Pictures with short captions
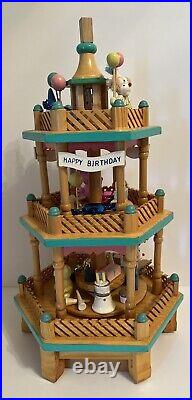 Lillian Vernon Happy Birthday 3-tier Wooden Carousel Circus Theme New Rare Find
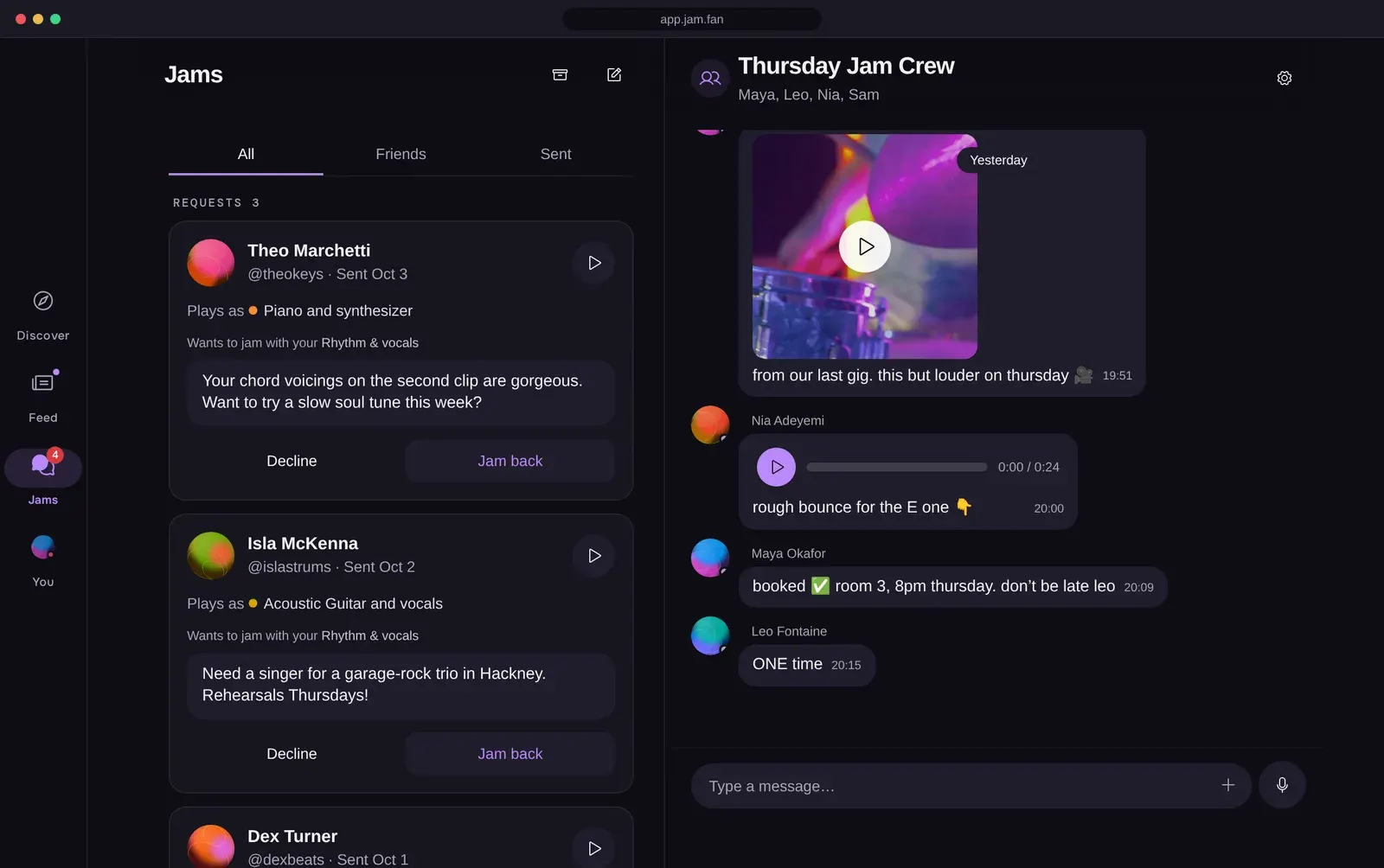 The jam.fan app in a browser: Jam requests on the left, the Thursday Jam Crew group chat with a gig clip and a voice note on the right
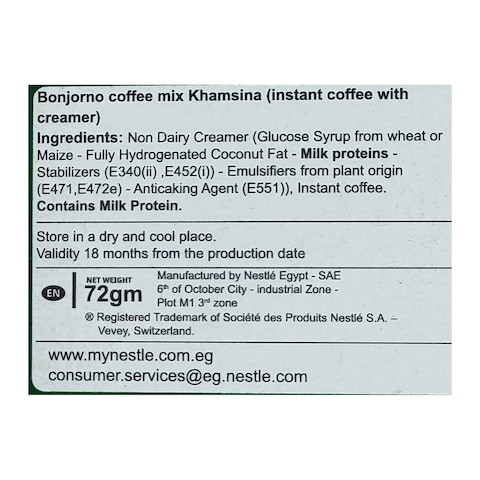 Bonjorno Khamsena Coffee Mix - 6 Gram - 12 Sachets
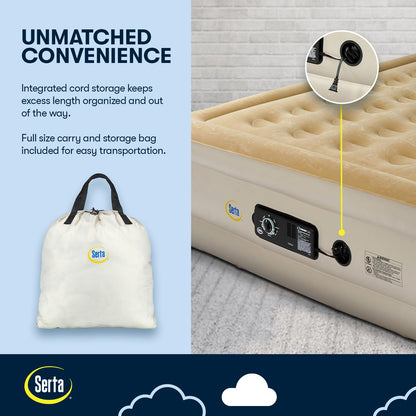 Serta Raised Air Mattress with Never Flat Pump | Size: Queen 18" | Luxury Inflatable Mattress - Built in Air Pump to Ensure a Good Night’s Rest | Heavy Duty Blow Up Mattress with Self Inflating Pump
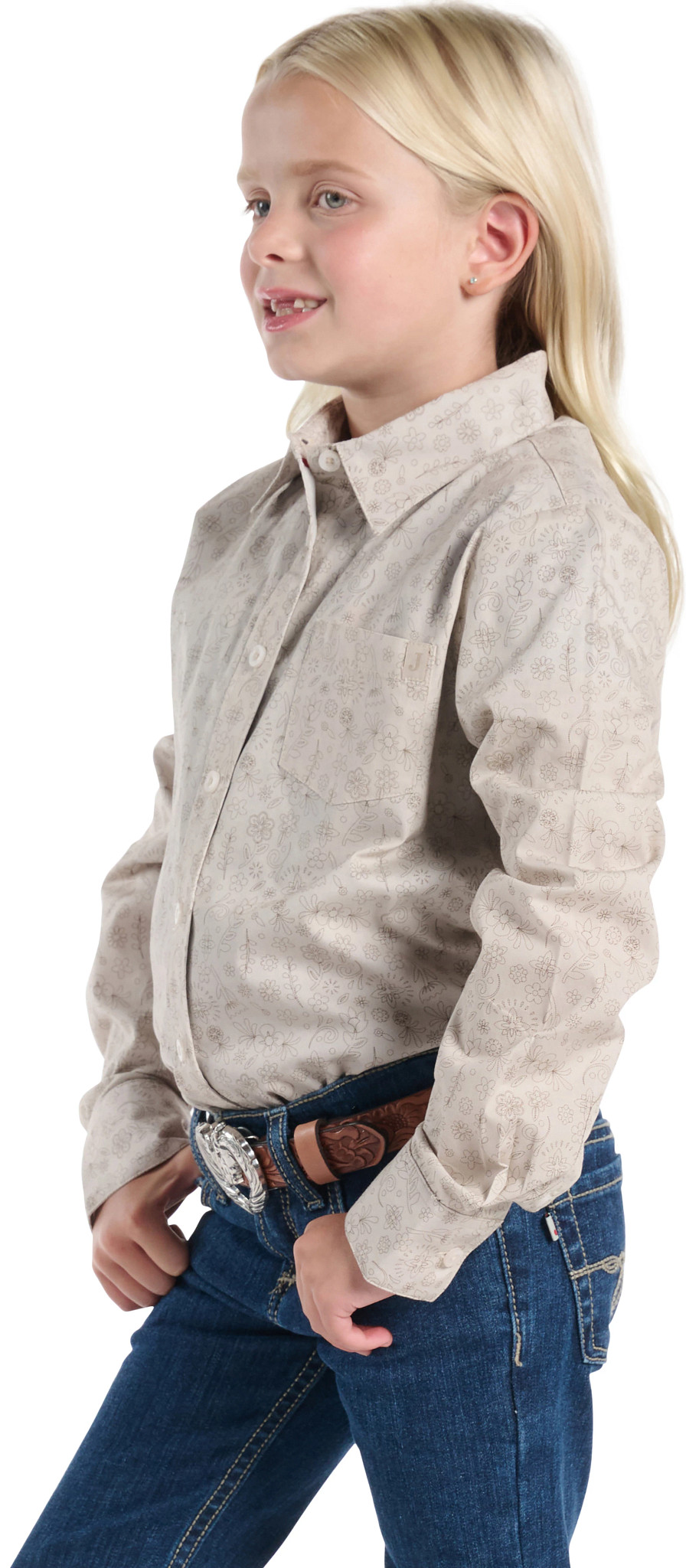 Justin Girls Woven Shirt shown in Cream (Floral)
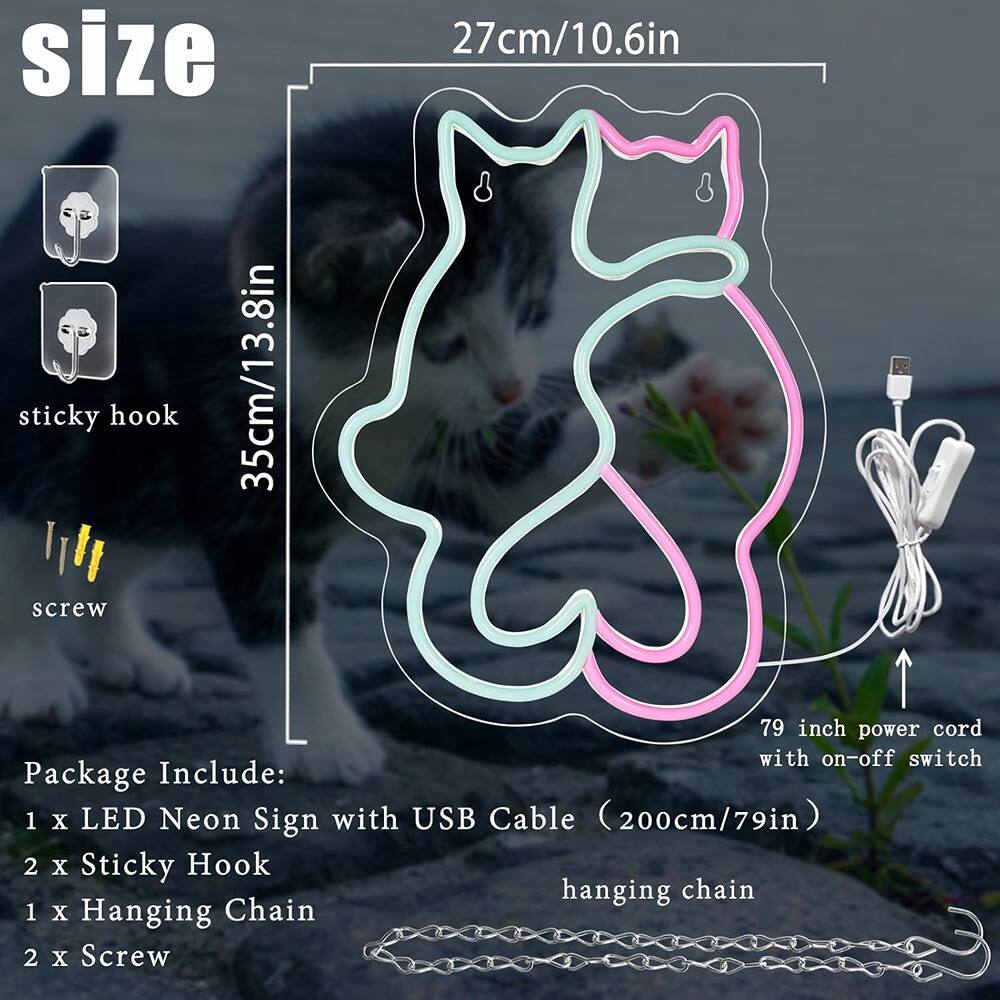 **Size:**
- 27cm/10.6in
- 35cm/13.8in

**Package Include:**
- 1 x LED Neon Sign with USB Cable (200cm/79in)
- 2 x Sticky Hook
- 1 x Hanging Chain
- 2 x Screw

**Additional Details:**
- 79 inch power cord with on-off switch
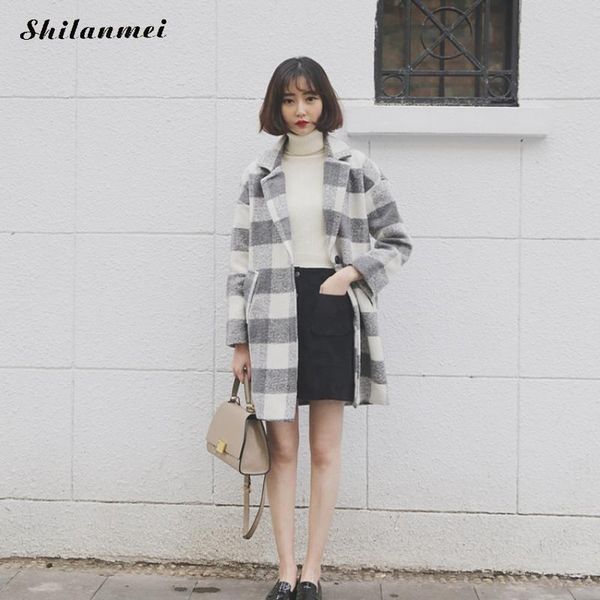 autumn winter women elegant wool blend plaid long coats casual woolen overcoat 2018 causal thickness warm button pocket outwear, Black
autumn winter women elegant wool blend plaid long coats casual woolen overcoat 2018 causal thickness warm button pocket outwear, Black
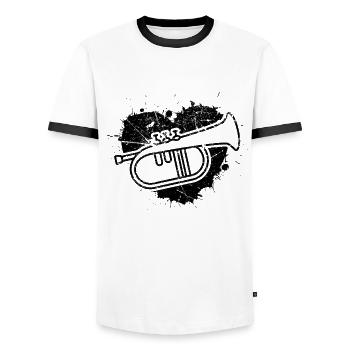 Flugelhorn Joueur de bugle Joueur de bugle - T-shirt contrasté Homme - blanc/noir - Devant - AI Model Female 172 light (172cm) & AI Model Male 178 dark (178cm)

### TRY IT
Restate word for word the lines from the one holding "Justin Girls Woven" down through the last line of the records above, and do not include the pictures.

### EXERCISE OUTPUT
 Justin Girls Woven Shirt shown in Cream (Floral)
 **Size:**
- 27cm/10.6in
- 35cm/13.8in

**Package Include:**
- 1 x LED Neon Sign with USB Cable (200cm/79in)
- 2 x Sticky Hook
- 1 x Hanging Chain
- 2 x Screw

**Additional Details:**
- 79 inch power cord with on-off switch
 autumn winter women elegant wool blend plaid long coats casual woolen overcoat 2018 causal thickness warm button pocket outwear, Black
autumn winter women elegant wool blend plaid long coats casual woolen overcoat 2018 causal thickness warm button pocket outwear, Black
 Flugelhorn Joueur de bugle Joueur de bugle - T-shirt contrasté Homme - blanc/noir - Devant - AI Model Female 172 light (172cm) & AI Model Male 178 dark (178cm)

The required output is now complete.